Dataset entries
----

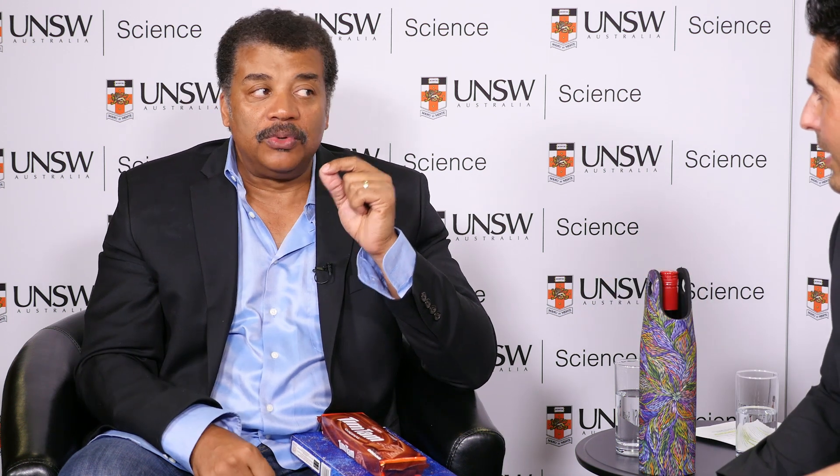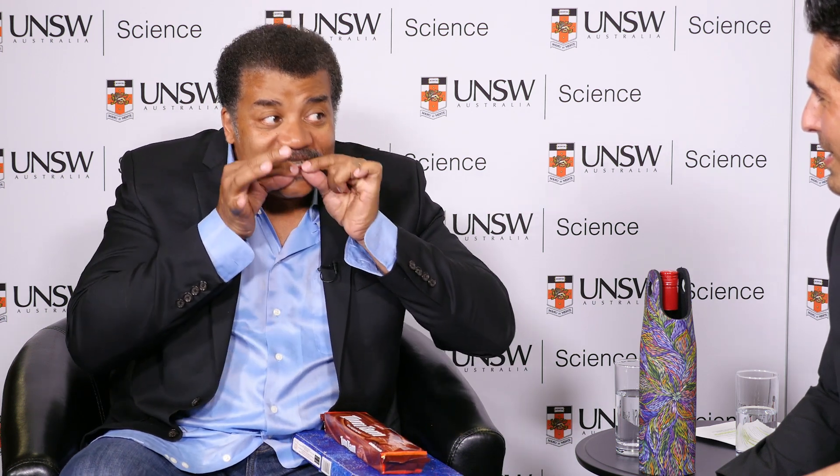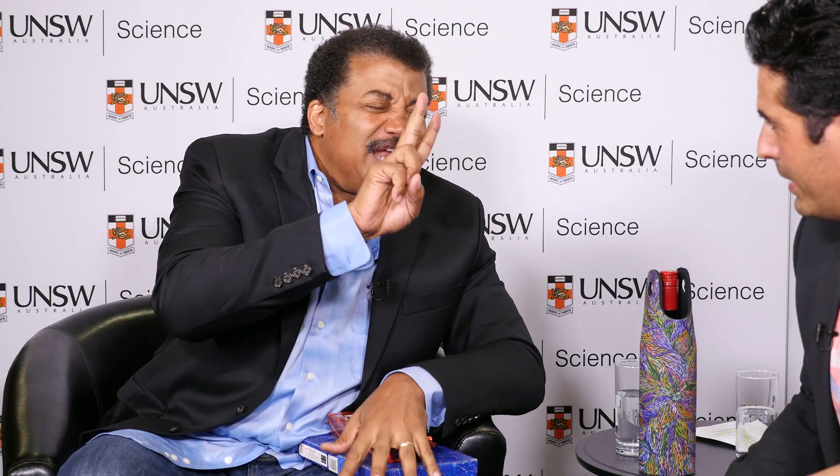If air — which is a fluid — can pass through, so too can liquids, which are also fluids. Anything that takes the shape of its container is a fluid. So you take the Tim Tam, put one corner in your mouth, and you can breathe through it. Dip it in the hot liquid and suck the liquid in for only about two seconds.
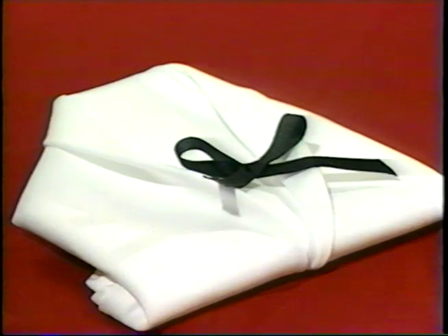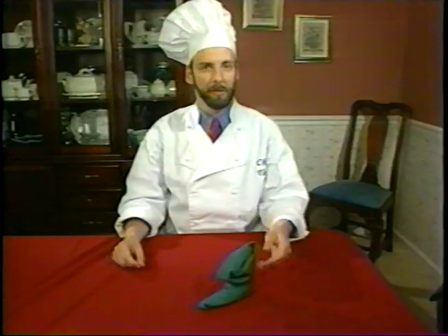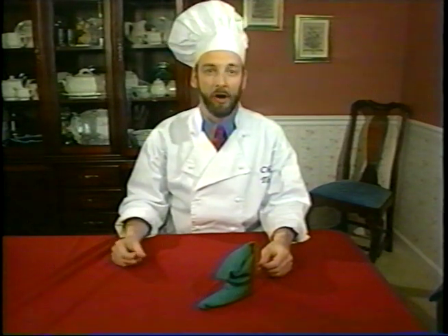Talk about adding a touch of class to any meal. Kind of gives new meaning to dressing up your table, doesn't it? Boots were made for walking, but this one's going to have your neighbors a-talking.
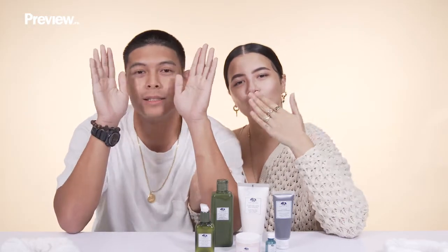We're going to say bye, guys. Bye! Bye! Bye!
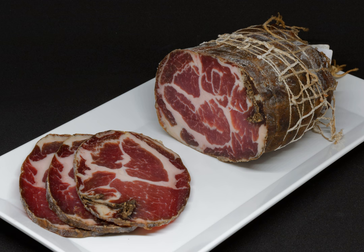In its production, capicolo is first lightly seasoned, often with red and sometimes white wine, garlic, and a variety of herbs and spices that differ depending on region. The meat is then salted and was traditionally massaged, stuffed into a natural casing, and hung for up to six months to cure. Sometimes the exterior is rubbed with hot paprika before being hung and cured.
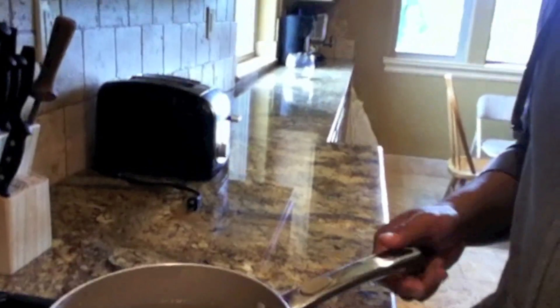All right, we're here in the kitchen. I am about to make some hot water. We're gonna do it the old-fashioned way over the stove and then we're gonna make some hot Kool-Aid. Hope you guys like it. Here we go.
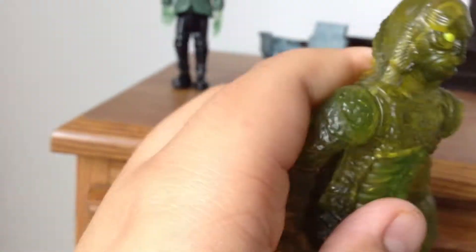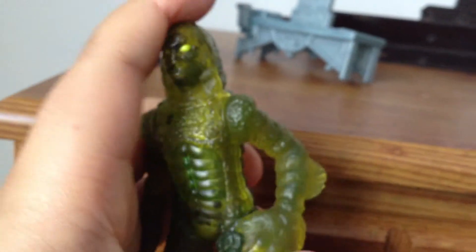And here is the figure. Look at this thing. It has articulation — the arms go up and down together, and the waist spins here.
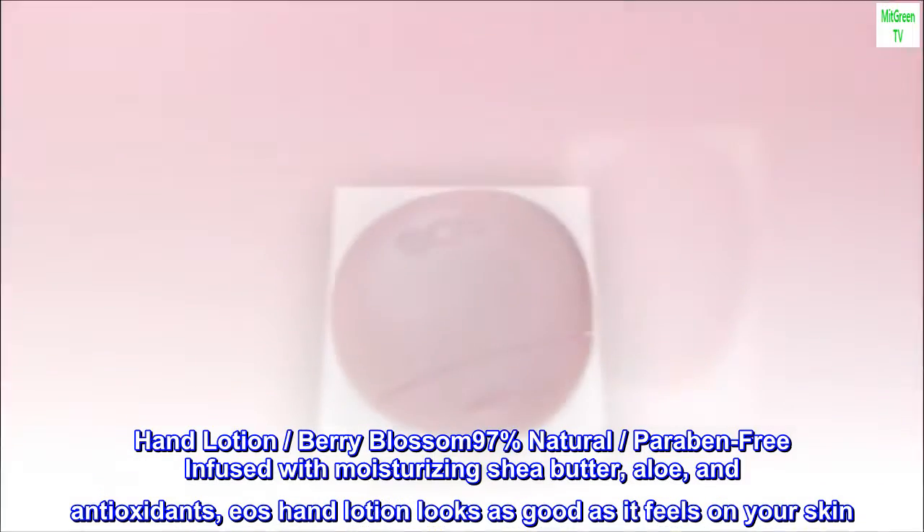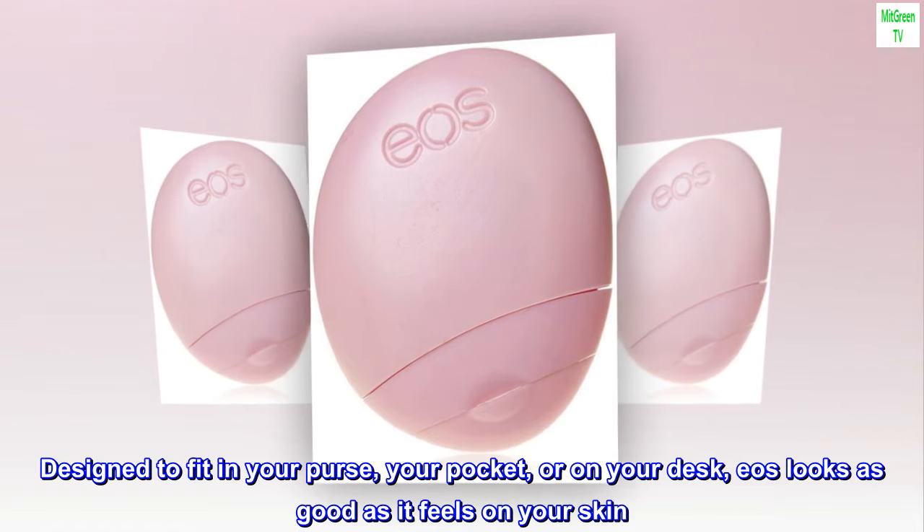Eos Hand Lotion looks as good as it feels on your skin. Designed to fit in your purse, your pocket, or on your desk.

----

## Problem details
Your answer must be an exact repeat of the records above, with no pictures in it.

## Solution to the exercise
If air — which is a fluid — can pass through, so too can liquids, which are also fluids. Anything that takes the shape of its container is a fluid. So you take the Tim Tam, put one corner in your mouth, and you can breathe through it. Dip it in the hot liquid and suck the liquid in for only about two seconds.
Talk about adding a touch of class to any meal. Kind of gives new meaning to dressing up your table, doesn't it? Boots were made for walking, but this one's going to have your neighbors a-talking.
We're going to say bye, guys. Bye! Bye! Bye!
In its production, capicolo is first lightly seasoned, often with red and sometimes white wine, garlic, and a variety of herbs and spices that differ depending on region. The meat is then salted and was traditionally massaged, stuffed into a natural casing, and hung for up to six months to cure. Sometimes the exterior is rubbed with hot paprika before being hung and cured.
All right, we're here in the kitchen. I am about to make some hot water. We're gonna do it the old-fashioned way over the stove and then we're gonna make some hot Kool-Aid. Hope you guys like it. Here we go.
And here is the figure. Look at this thing. It has articulation — the arms go up and down together, and the waist spins here.
Eos Hand Lotion looks as good as it feels on your skin. Designed to fit in your purse, your pocket, or on your desk.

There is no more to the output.